We have $N$ buckets in which we will put some balls. Before that, the buckets are split into two groups, group $A$ and group $B$. The number of balls that we will put in each bucket is drawn from a Binomial distribution. In group $A$, the parameters of this Binomial distribution are $n$ and $p_A$, while in group $B$, the parameters of the Binomial distribution are $n$ and $p_B$.
Given $p_A$, $p_B$ and $n$, what strength of association (number of balls ~ groups) should one expect to find? Given $N$, what is the 95% confidence interval?
If we can't get a solution analytically, I would welcome a piece of code that can do some numerical estimations (I started below with a tiny and very slow R code).
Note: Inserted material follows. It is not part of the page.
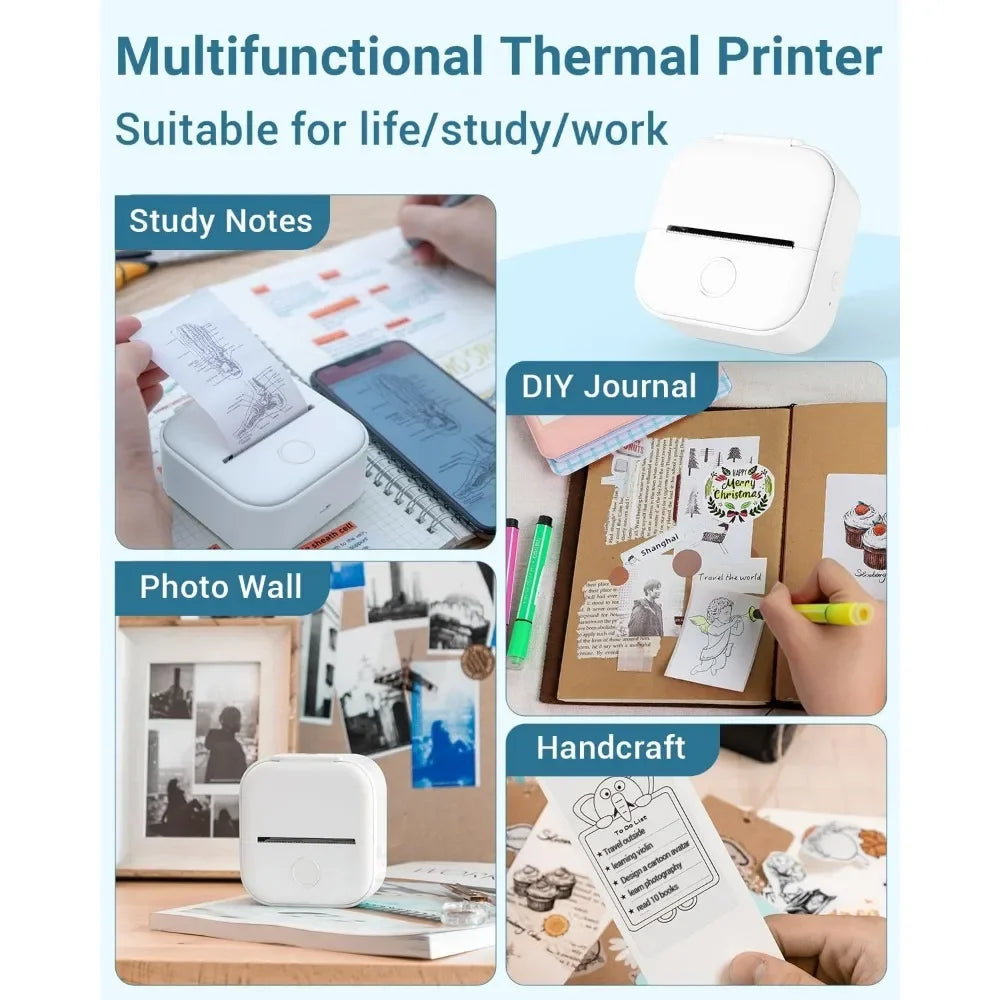T02 Wireless Pocket Thermal Printer Portable - Empire P.E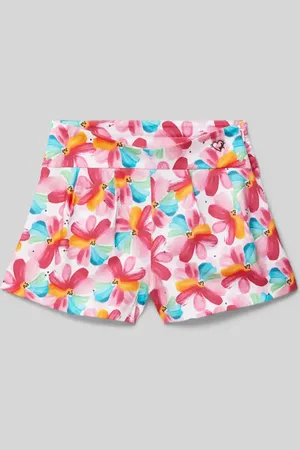 Mayoral Regular Fit Bermudas mit Bundfalten in , Größe 110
Numerical estimations have the advantage that they will provide the whole distribution while it will probably be very complicated to provide to calculate the whole distribution analytically.
Numerical estimations with R
Here is a quick R code to plot the distribution of the coefficient of correlation for chosen values of $n$, $p_A$, $p_B$ and $N$
# Settings
N = 200
pA = 10^(-6)
pB = 10^(-5)
n = 10^5
nbreplicates = 1000
# Simulations
groups = rep(c("A", "B"), N/2)
r.squares = c()
for (replicate in 1:nbreplicates){
buckets = c()
for (i in 1:N){
if (i%%2 != 0){
buckets = append(buckets, rbinom(1,n, pA))
} else{
buckets = append(buckets, rbinom(1,n, pB))
}
}
r.squares = append(r.squares, summary(lm(buckets ~ groups))$r.squared)
}
hist(r.squares)